__SUPPLIED MATERIAL__.
*-*-*

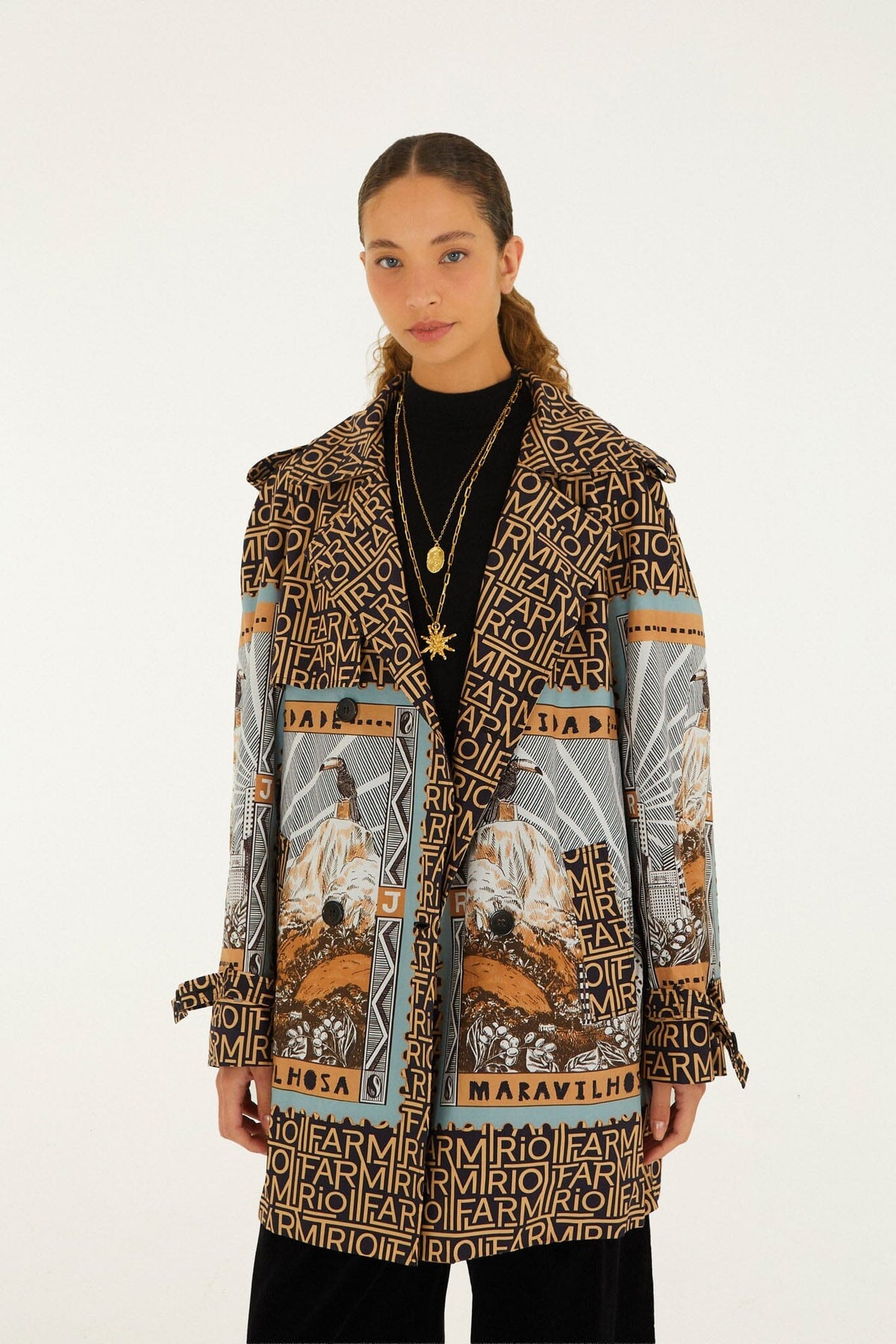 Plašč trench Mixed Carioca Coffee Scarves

*-*-*

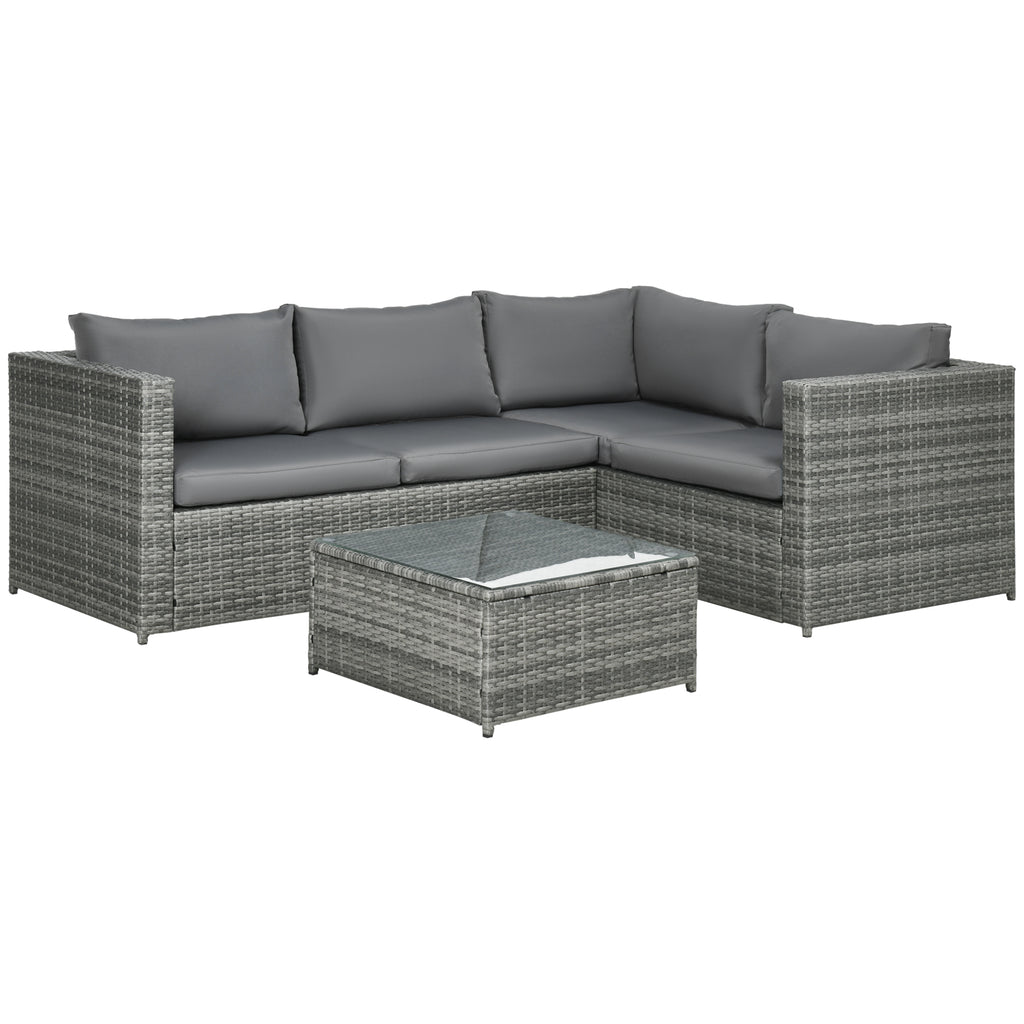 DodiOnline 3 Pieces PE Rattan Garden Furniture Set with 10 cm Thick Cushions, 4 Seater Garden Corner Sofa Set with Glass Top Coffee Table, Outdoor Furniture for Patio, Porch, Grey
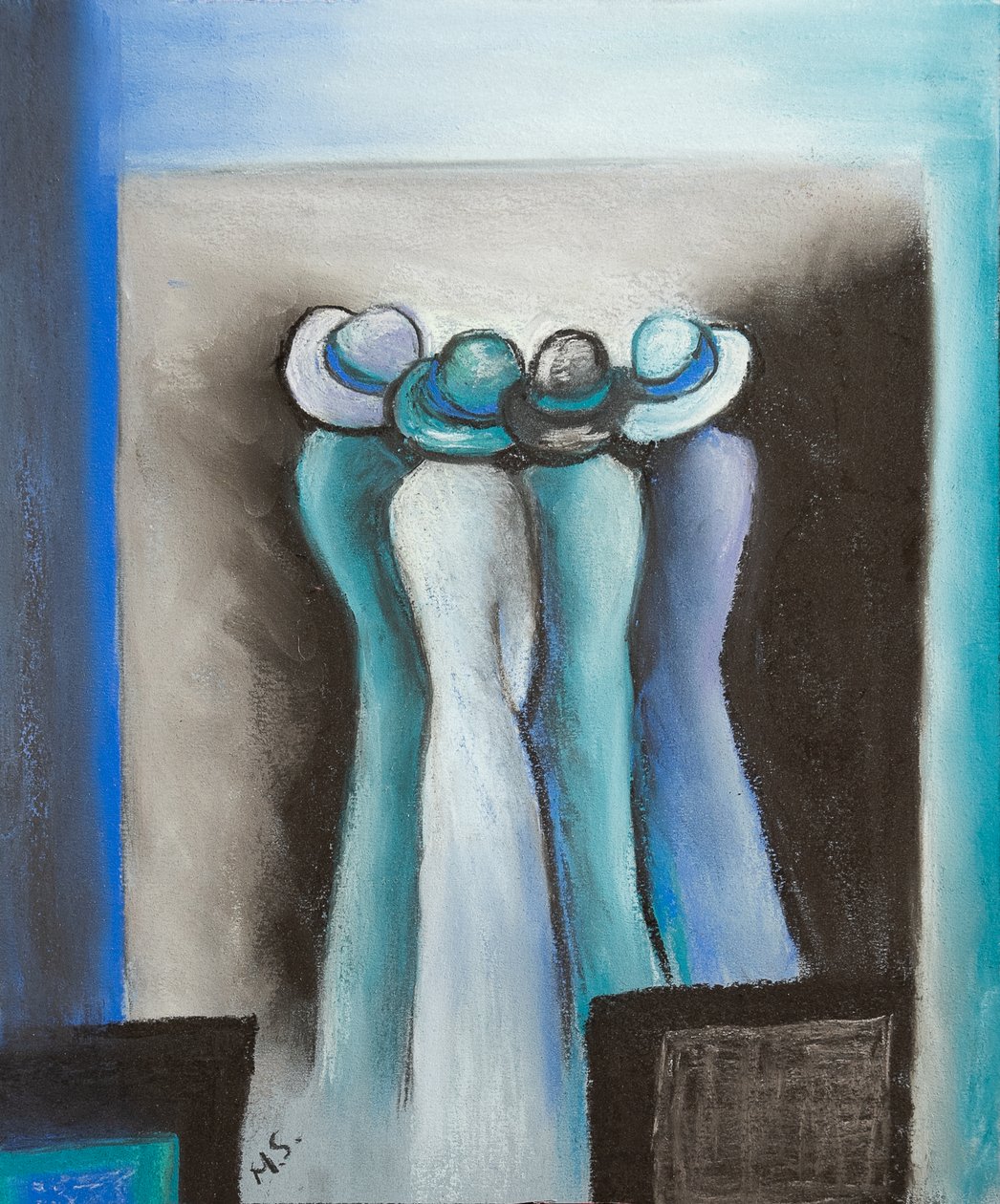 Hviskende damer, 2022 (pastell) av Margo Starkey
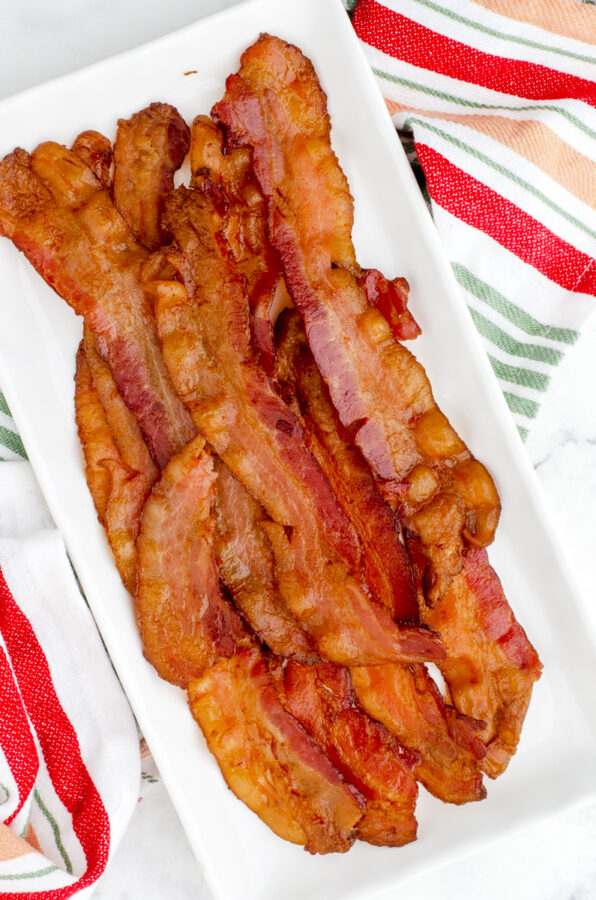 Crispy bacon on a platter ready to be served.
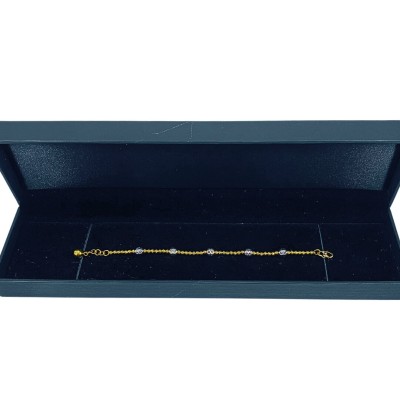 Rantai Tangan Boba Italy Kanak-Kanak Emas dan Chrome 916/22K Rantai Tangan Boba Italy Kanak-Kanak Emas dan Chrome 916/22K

*-*-*

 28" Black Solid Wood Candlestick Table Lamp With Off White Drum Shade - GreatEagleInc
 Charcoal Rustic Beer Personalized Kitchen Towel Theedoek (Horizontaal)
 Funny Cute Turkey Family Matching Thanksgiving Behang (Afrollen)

*-*-*

__REQUIRED ACTION__. What you need to produce is an exact copy of the entries above, limited to the lines from the one with "DodiOnline 3 Pieces" up to and including the one with "Crispy bacon on", without pictures.

__WRITTEN RESPONSE__.
 DodiOnline 3 Pieces PE Rattan Garden Furniture Set with 10 cm Thick Cushions, 4 Seater Garden Corner Sofa Set with Glass Top Coffee Table, Outdoor Furniture for Patio, Porch, Grey
 Hviskende damer, 2022 (pastell) av Margo Starkey
 Crispy bacon on a platter ready to be served.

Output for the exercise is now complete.